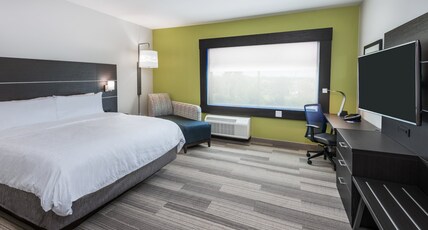 Holiday Inn Express & Suites Bryan Room Type - 1 King Standard Communications Accessible Roll Shower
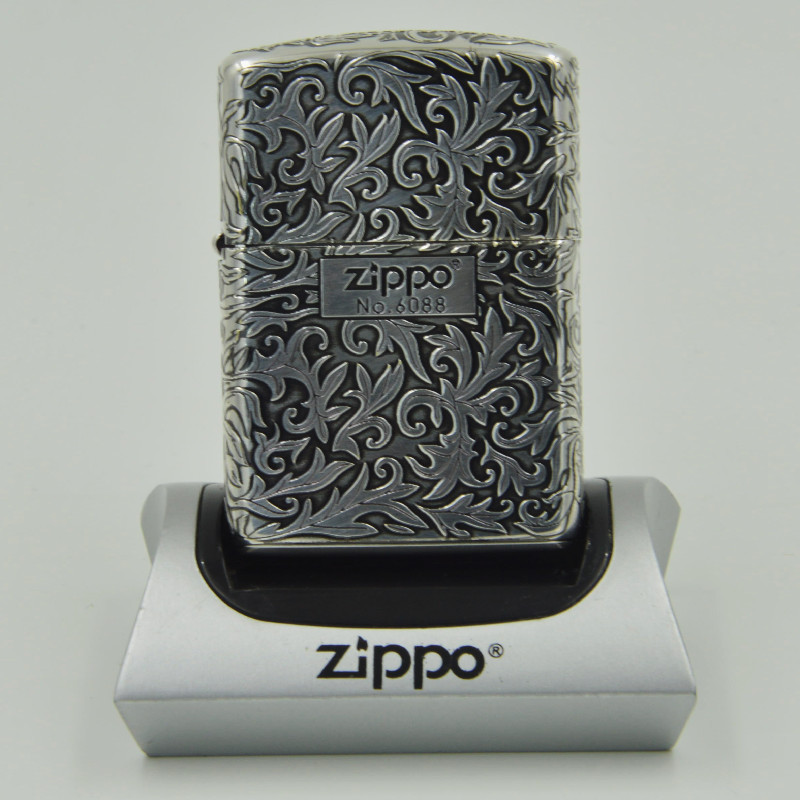 美国zippo打火机日版盔甲银色五面环绕唐草限量中标zbt-3-21c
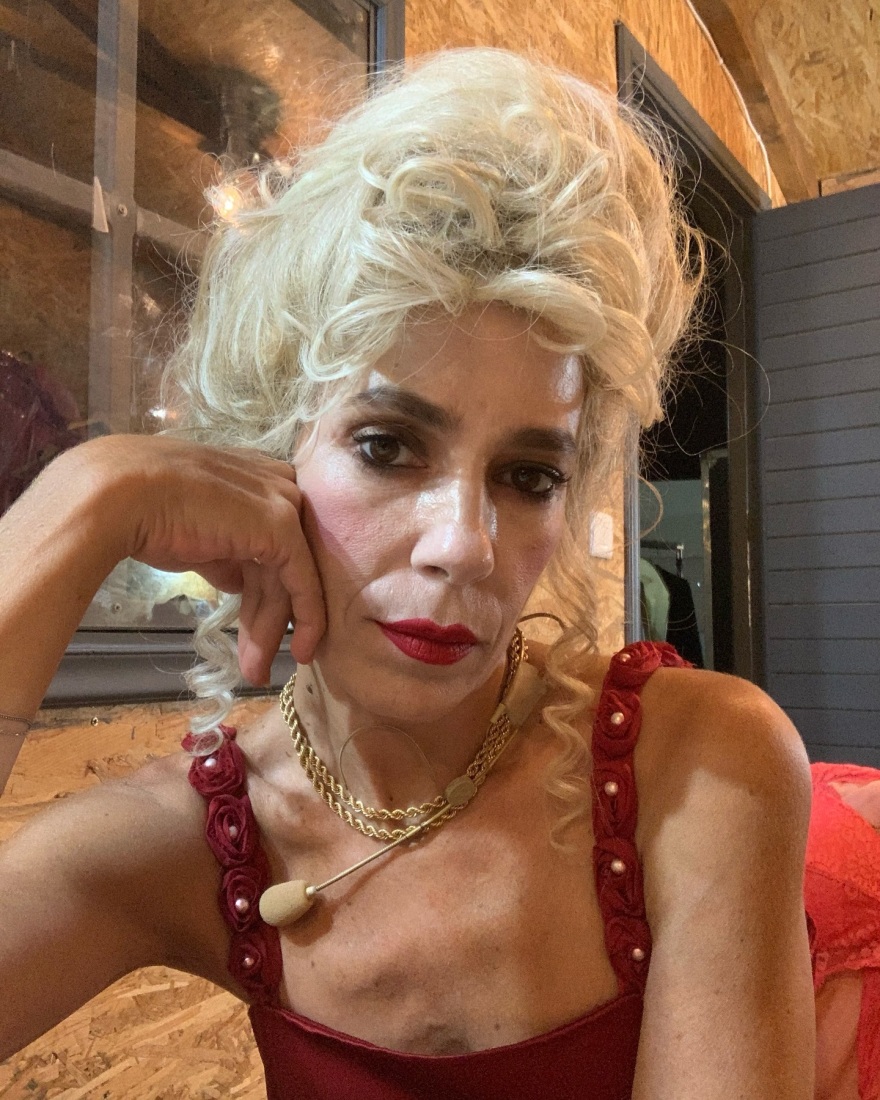 Μυρτώ Αλικάκη: Ποζάρει με την ξανθιά περούκα της λίγο πριν βγει στη σκηνή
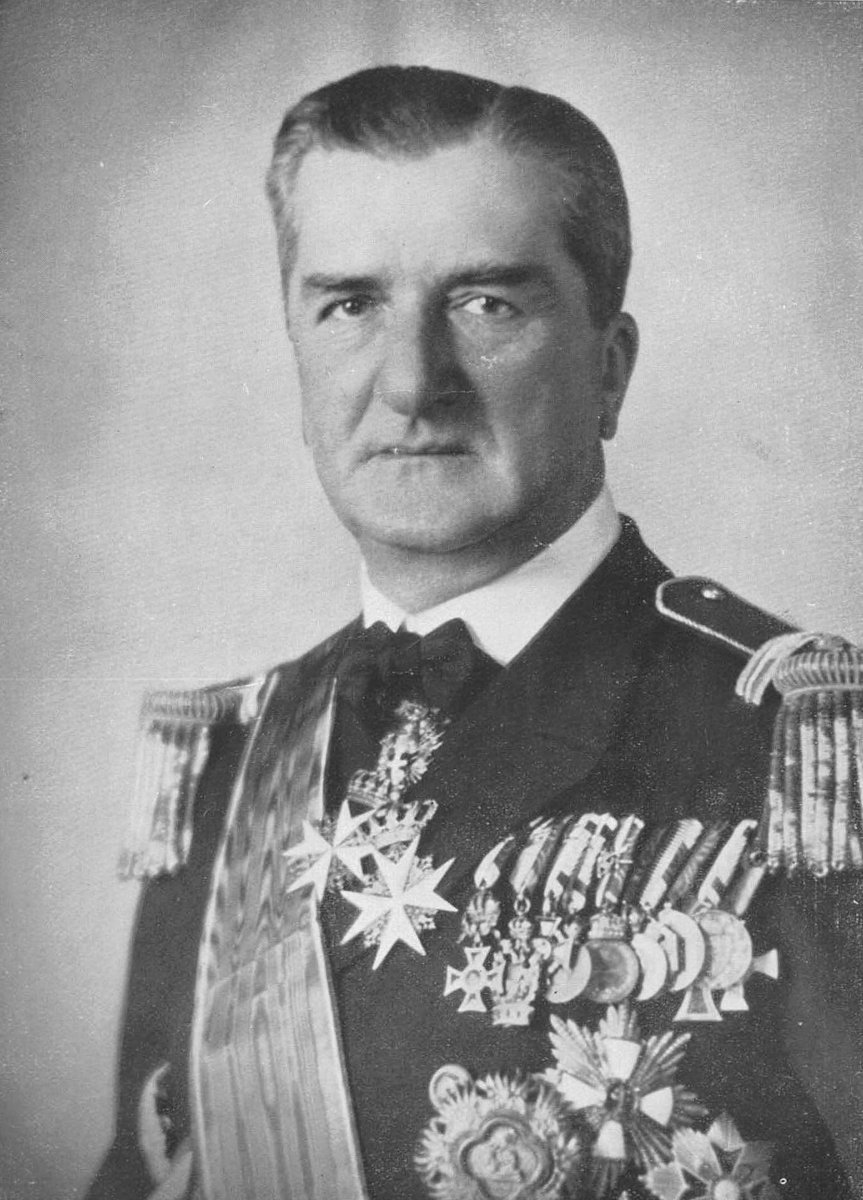 In 1919, Finland and Hungary found themselves in a similar situation. Both countries had just fought a war and were failed monarchies now led by a Regent. While Mannerheim gave up power after losing a Presidential election, Horthy took a different path. 2/15
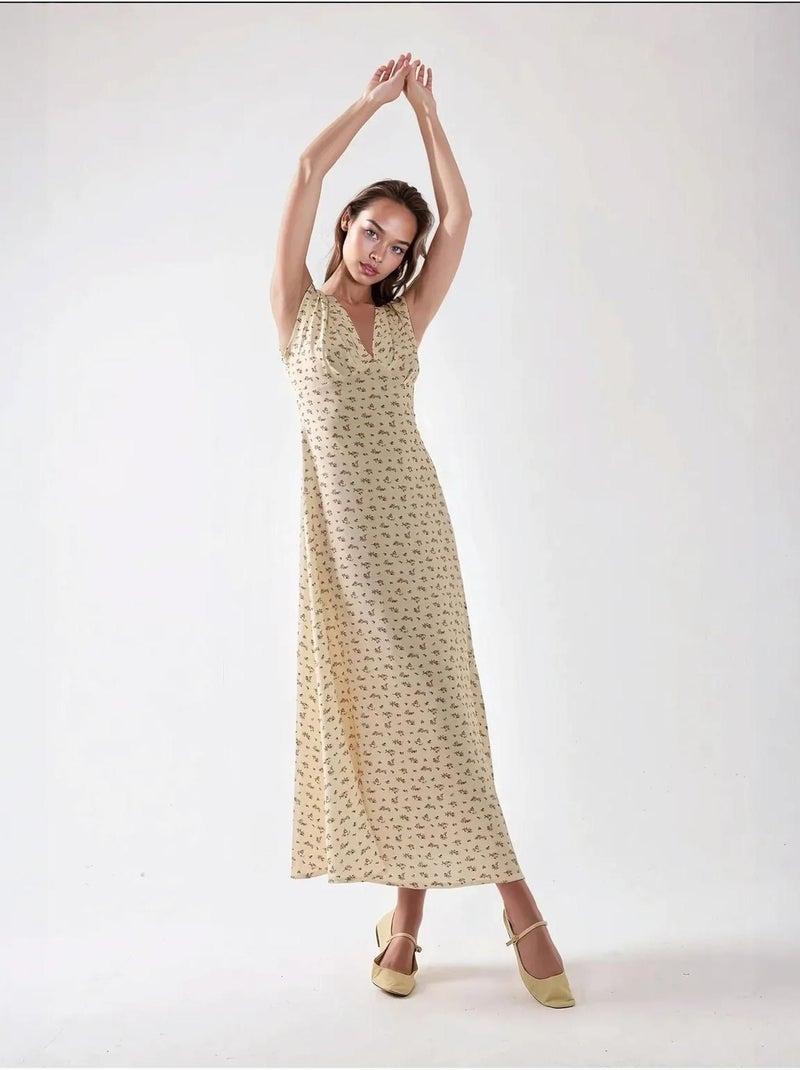 Robe mi-longue fleurie à col en v Multicolore - Kiabi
- - -
> [Aim of the exercise]:
With the pictures omitted, the entries are to be transcribed in full, exactly as they appear.

> [Result of this exercise]:
 Holiday Inn Express & Suites Bryan Room Type - 1 King Standard Communications Accessible Roll Shower
 美国zippo打火机日版盔甲银色五面环绕唐草限量中标zbt-3-21c
 Μυρτώ Αλικάκη: Ποζάρει με την ξανθιά περούκα της λίγο πριν βγει στη σκηνή
 In 1919, Finland and Hungary found themselves in a similar situation. Both countries had just fought a war and were failed monarchies now led by a Regent. While Mannerheim gave up power after losing a Presidential election, Horthy took a different path. 2/15
 Robe mi-longue fleurie à col en v Multicolore - Kiabi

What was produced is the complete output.